The grey seals around Blakeney Point are an iconic part of life in North Norfolk, with seasonal boat trips from Blakeney and Morston quays taking residents and visitors to see the seals and their pups.
So, when 46 seals were found dead along the coast from Wells-next-the-Sea to Blakeney from March 2009 to August 2010 passions ran high.
The dead seals all had corkscrew-like injuries around their necks, and initial investigations suggested that the injuries could have been caused by the seals becoming caught up in ducted propellers on vessels working on the Sheringham Shoal Offshore Wind Farm, which was being built off the North Norfolk coast at that time.
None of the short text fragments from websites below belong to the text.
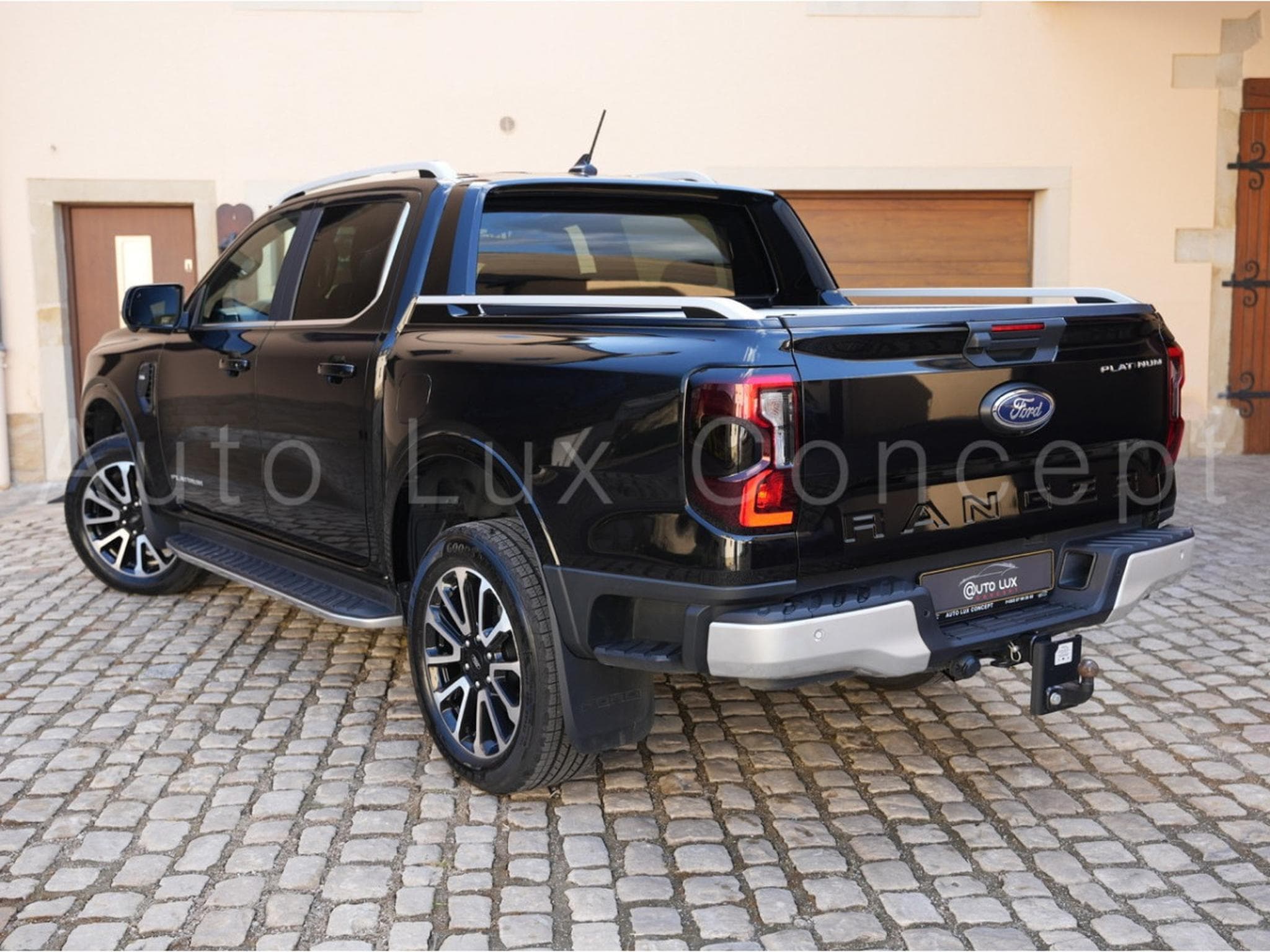 Ford Ranger Platinum 3.0 V6 EcoBlue 240 ch Full PPF (2025) - Foto 4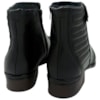 Bota Cano Curto Pegada em Couro Calce Fácil Feminina-86ab079e-1b8d-40b3-969c-3d918419aaac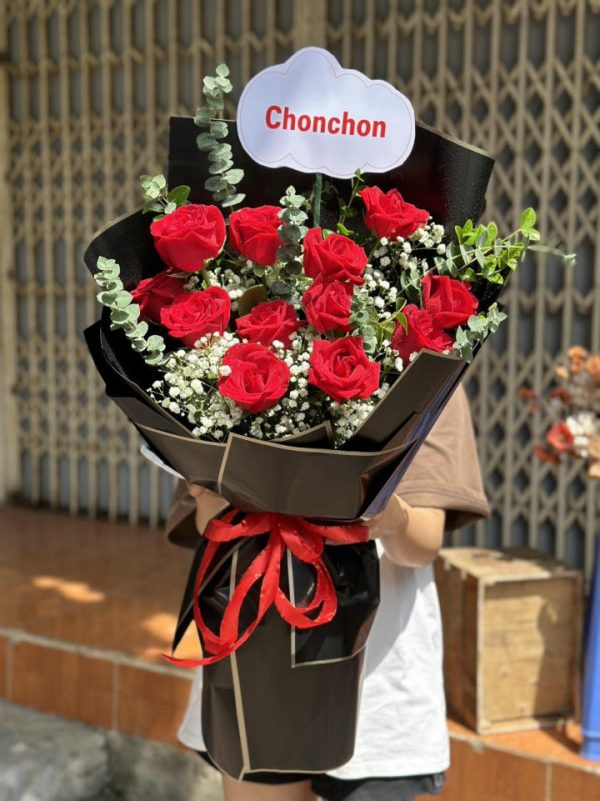 Bó hoa đẹp, bó hoa sinh nhật đẹp, hoa sinh nhật đẹp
However a recent report by Dr David Thompson, the senior research scientist at the Sea Mammal Research Unit at the University of St Andrews in Scotland, which has been leading the investigations into these deaths, indicates that cannibalism was the cause of the deaths.
"Our investigations have led us to believe that it is highly likely cannibalism was the cause. We believe that adult grey seals were killing seal pups for food."
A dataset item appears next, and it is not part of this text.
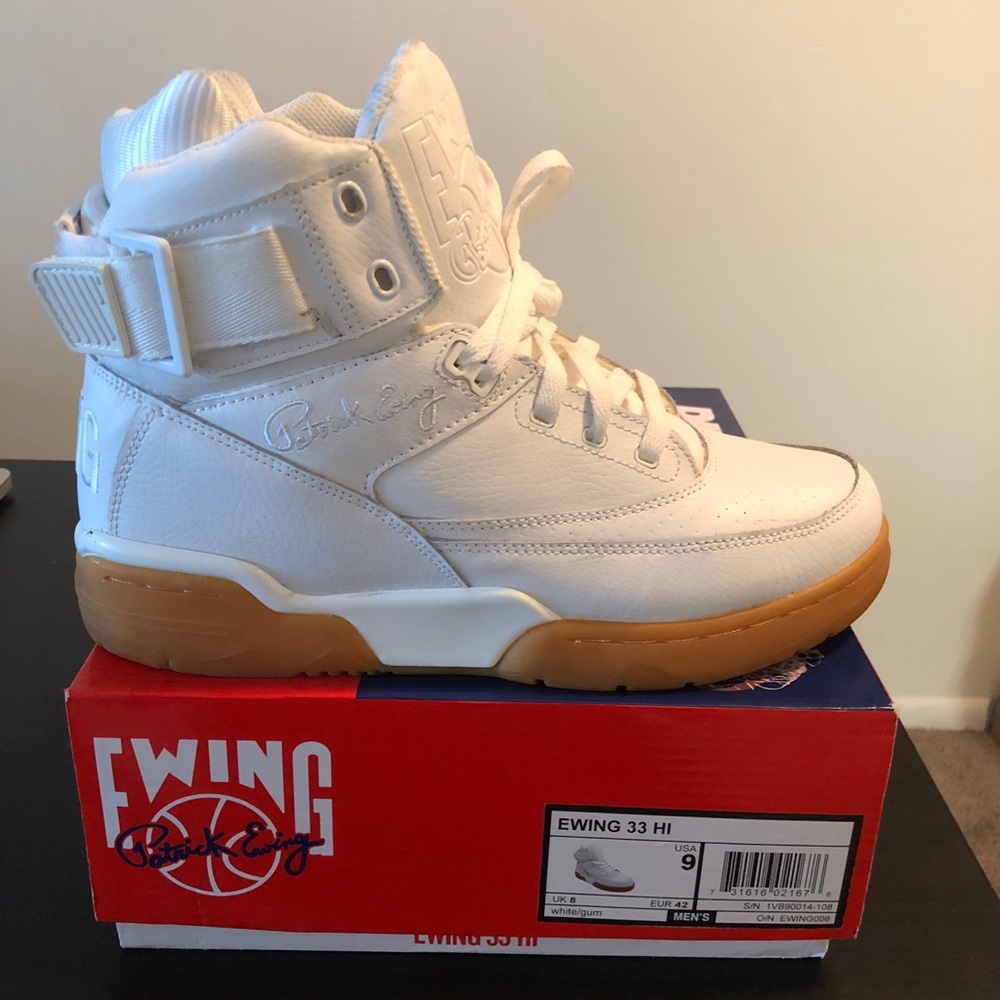 PATRICK EWINGS 33 HI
The breakthrough about the seal deaths came after a student researcher from the University of St Andrews saw an adult grey seal kill a pup on the Isle of May, east of Edinburgh.
The press release announcing this preliminary report can be found : here
The 317MW Sheringham Shoal Offshore Wind Farm comprises 88 wind turbines and is located between from 9-17 miles off the North Norfolk coast in the Greater Wash. Through Scria Offshore Energy Limited it is owned by two Norwegian companies, Statkraft and Statoil, and the UK's Green Investment Bank.